Calculez votre allure requise pour un marathon selon votre objectif de temps. Obtenez l'allure par km, par mile et les splits clés. Calculateur de course gratuit.

Comment utiliser le calculateur de rythme de marathon

Entrez votre temps de fin pour voir instantanément le rythme kilométrique et le rythme par mile que vous devez maintenir tout au long de la course. Le calculateur montre également les temps de passage intermédiaires clés — à 10 km, à mi-parcours, 30 km et 40 km — afin que vous puissiez planifier votre stratégie de course et programmer vos alertes sur votre montre GPS en conséquence.

Le marathon est exactement de 42,195 kilomètres (26,2188 miles). Pour terminer dans votre temps cible, vous devez maintenir un rythme moyen constant de début à fin.
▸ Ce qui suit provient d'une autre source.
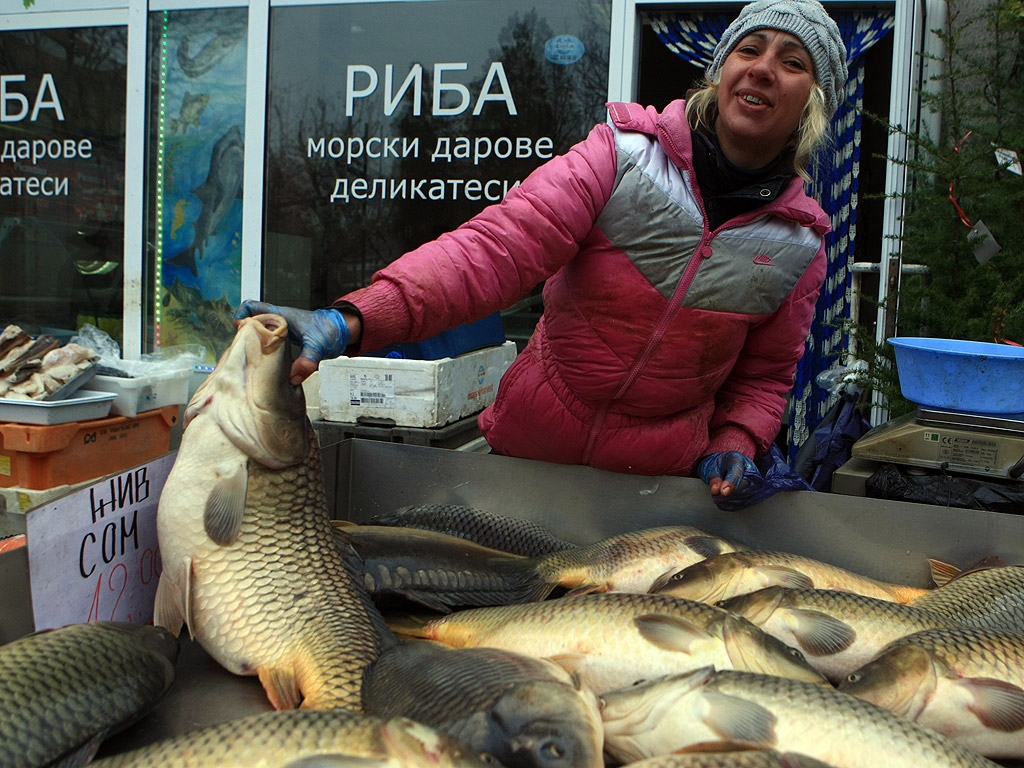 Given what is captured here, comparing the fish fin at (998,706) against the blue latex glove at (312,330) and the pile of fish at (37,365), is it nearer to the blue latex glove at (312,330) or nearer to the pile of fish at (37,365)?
the blue latex glove at (312,330)

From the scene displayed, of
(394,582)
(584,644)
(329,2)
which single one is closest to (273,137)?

Cela semble simple, mais la gestion du rythme de marathon est l'une des compétences les plus nuancées des sports d'endurance. Ce calculateur fait les calculs afin que vous puissiez vous concentrer sur l'exécution.

Utilisez-le à l'envers — pour trouver le temps de fin d'une vitesse donnée — entrez votre rythme et la distance totale calculera votre temps projeté. Cela est utile pour vérifier si vos rythmes d'entraînement sont alignés sur votre objectif de course.

Tableau de rythme de marathon : Temps cibles et rythmes requis

Utilisez cette table de référence pour trouver rapidement le rythme moyen nécessaire pour les objectifs de fin de marathon les plus populaires. Les temps de passage intermédiaires vous aident à programmer des alertes GPS pendant la course :

Temps cibleRythme /kmRythme /mileTemps de mi-parcours (21,1 km)Temps de passage à 30 km
2:45:003:546:181:22:301:57:00
3:00:004:156:511:30:002:07:40
3:15:004:377:261:37:302:18:20
3:30:004:588:001:45:002:29:00
3:45:005:198:341:52:302:39:40
4:00:005:419:092:00:002:50:20
4:15:006:029:432:07:303:01:10
4:30:006:2410:172:15:003:11:50
4:45:006:4510:522:22:303:22:30
5:00:007:0611:272:30:003:33:10
5:30:007:4912:362:45:003:54:30
6:00:008:3113:443:00:004:15:50

Rappelez-vous que ces sont des rythmes moyens. Dans un vrai marathon, votre rythme variera naturellement — plus lent sur les pentes, plus rapide sur les descentes, influencé par le temps, la foule et la fatigue. L'objectif est de correspondre à ces temps de passage à les points de repère clés, et non de courir le rythme exact chaque kilomètre.

Égaux splits vs. Splits négatifs : La science de la gestion du rythme de marathon

La faute la plus courante en marathon est de partir trop vite. Une étude de 2012 dans le International Journal of Sports Physiology and Performance a analysé 2 756 coureurs de marathon et a constaté que seuls 1,3 % ont couru un split négatif (deuxième moitié plus rapide que la première). La majorité est partie trop vite et a payé le prix avec des ralentissements importants tard dans la course — ce que les coureurs appellent « le mur ».

La stratégie de gestion du rythme de marathon optimale pour la plupart des coureurs est soit des splits égaux soit un très léger split négatif (courir la deuxième moitié 1-3 % plus vite que la première). Voici pourquoi :

Les records du monde de marathon sont presque toujours courus avec des splits extrêmement égaux. Le record du monde d'Eliud Kipchoge de 2:01:09 a été couru avec des splits de 1:00:51 et 1:00:18 — essentiellement un rythme parfaitement égal avec un léger split négatif.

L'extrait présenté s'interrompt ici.